How to Say No Without Feeling Guilty

How to Say No WIthout Feeling Guilty

You promised yourself you wouldn’t overbook your schedule and then you found yourself saying “Yes I’d love to…” while your insides screamed- Noooo!

Sound familiar?

Between the barrenness of busyness, our innate proclivity to people-pleasing, and not wanting to feel uncomfortable, I’d bet that many of us have found ourselves doing things we really didn’t want to do or have the excess financial, mental, emotional, or time capacity to do.

You can say no, you know?

Yet so many successful women won’t let that little one syllable word pass through their lips.

Here are some strategic and practical tips to give yourself permission and willingness to let N-O out.

Know What You Want

Don’t let yourself get put on the spot fumbling for words.  It is important that you get clear on what you do and do not want from your time. This will change based on the time of your life, phase of your business, season of the year, and a host of other evolutionary things.  I recommend taking a few minutes to reflect on this regularly (at least quarterly).

What are your rules?

  • No commitments on weekends.
  • No work on weekends (Are there certain criteria that override this – say a prized speaking gig or primo assignment?)
  • No additional volunteering until x, y, z is over.
  • No clients after 5pm, no clients between 3p-7p, before 9a, etc…
  • No scheduled appointments on a particular day/half-day when you work “on” your business.
  • And so forth…

Get clear on your priorities.  In this way you can answer proactively and not in an emotional or reactive way (which never goes as well.)

You get to choose how you invest your precious time. Permission to be selective is granted.

Speak Succinctly, Courteously, and Directly

No matter what comes out of your mouth, remember to: be gracious, be firm, and do not over-explain or defend your choice.  It is your choice!

Here are some tried and true ways to confidently and graciously say no.

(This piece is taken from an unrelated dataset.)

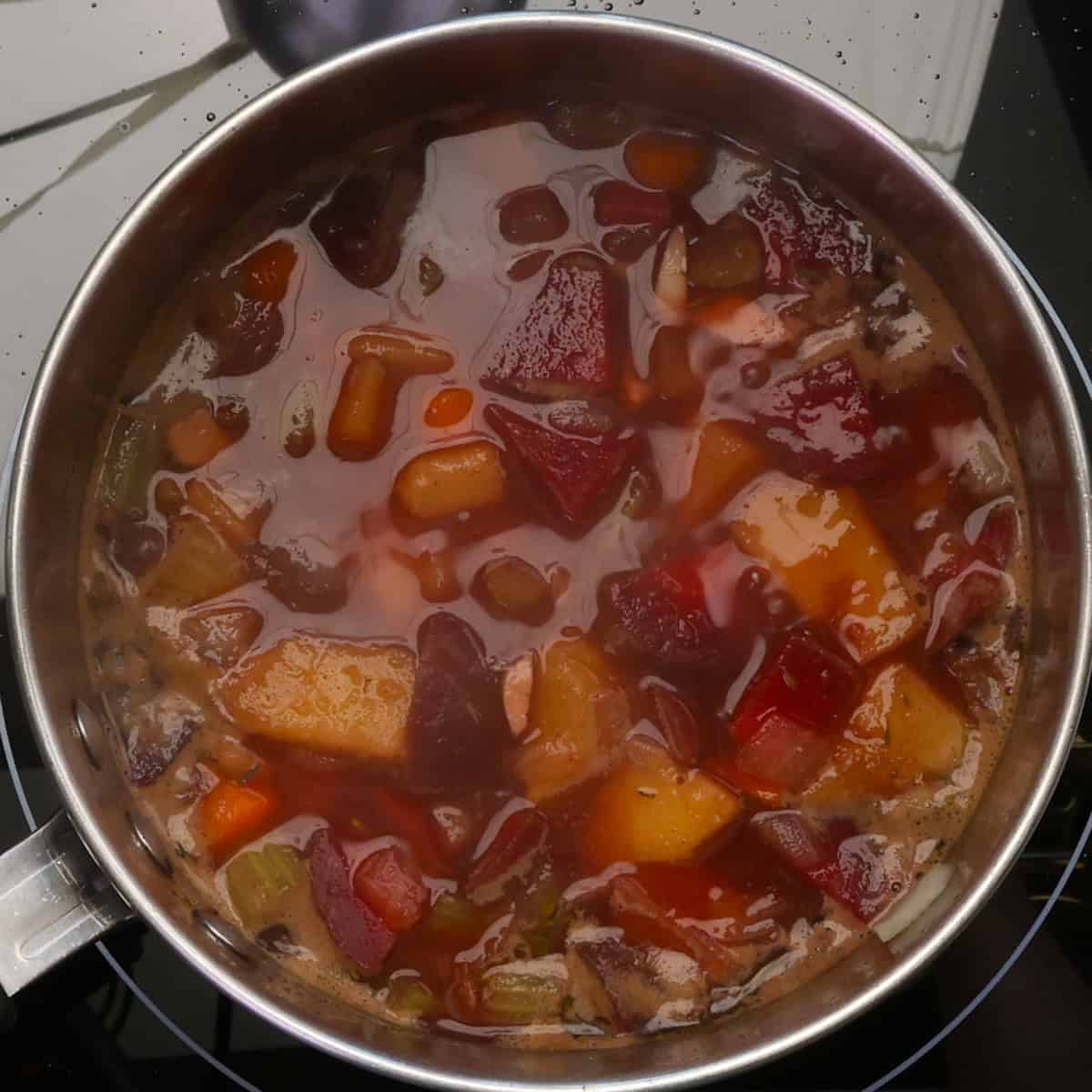 a single serving of borscht cooking in a small pot.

  • (Because no is a complete sentence all by its lonesome.)
  • No thank you.
  • Thank you but unfortunately I won’t be able to (attend/volunteer) because I have other commitments (This is valid even if your other commitment is you, your book, a cat on your lap and a cozy blanket.)
  • I really appreciate you thinking of me/inviting me and I won’t be able to attend. (You can add – please think of me in the future – if you really mean it.)
  • I’m honored that you thought of me but I won’t be able to commit to volunteering at this time.

Short and succinct is key. Avoid that wimpy, wavering language of “kinda”, “sorta”, and the like.  Don’t be swayed by someone else’s reaction. That is their stuff, not yours.

When Client Scope Creep Rears Its Ugly Head 

Sometimes you need to say no to doing more work without additional pay. This is a different but equally powerful flavor of no.   It sounds more like a “yes we can do that, and here’s what it will take/cost”.  Never feel guilty about setting boundaries in this way.  Remember, if you went to the dentist and needed a second filling or more complex dential work, he wouldn’t hesitate to itemize your bill and carry on without missing a beat.

Here is some language to gracefully navigate this situation:

  • I would be happy to help you with that/do that for you and it is beyond the scope of our current agreement. Would you like me to provide you a cost estimate for the additional work?
  • We can definitely do that and it will cost an extra $_______ for this additional work.
  • As much as I’d like to help you out, that work is not in my area of expertise, so I would recommend X. (For instances where the new request is not within your area of expertise.)

You may notice that these statements don’t actually say no. They are more of a “yes … and” straight out of the rules of improv.  Usually you would like to do the extra work;  you simply want to get paid for it.  If it is not something you can do in your area of expertise or something you wouldn’t recommend then say that.

A Word About Feeling Guilty


In a word, that is the answer.

Guilt is about doing something wrong. You haven’t done anything wrong by making a choice and then honoring that choice by politely saying no. It’s called good boundaries and setting yourself up to be your best self.

If you haven’t said “No” much in the past, you may feel uncomfortable.  That comes with the territory of practicing a new skill and growing.  Allow the feeling to be there and act anyway (aka: say no).